Upbounds for Ramanujan $\tau(n)$ function

Question

For prime $p$, $|\tau(p)|\le 2p^{11/2}$.

I am looking for the upbound for $|\tau(n)|$,$n\in \mathbb{N}$.

Thanks- mike

Answer 1

Since $\tau(n)$ is a multiplicative function, i.e., satisfies $\tau(nm)=\tau(n)\tau(m)$ for all $m,n$ with $gcd(m,n)=1$, we obtain an upper bound simply by multiplying the bound for primes. If $n=p_1^{e_1}\cdots p_r^{e_r}$. Then $|\tau(n)|=|\tau(p_1)|^{e_1}\cdots |\tau(p_r)|^{e_r}\le 2^r(p_1^{\frac{11}{2}e_1}\cdots p_r^{\frac{11}{2}e_r})$.

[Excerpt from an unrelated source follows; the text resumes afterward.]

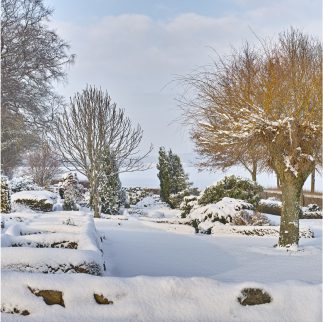 Snow-covered garden in winter with bare trees and no visible grass, capturing a serene winter landscape.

Furthermore one can show that $$ |\tau(n)|≤n^{\frac{11}{2}}(\log (n))^{−1/2+o(1)} $$ for a set of natural numbers $n$ of asymptotic density $1$. For details see here. This is better than the usual estimate $$ |\tau(n)|\le d(n)n^{\frac{11}{2}}\le n^{\frac{11}{2}}(\log (n))^{\log(2)+o(1)} $$ which holds for almost all $n$. Here $d(n)$ denotes the number of divisors of $n$.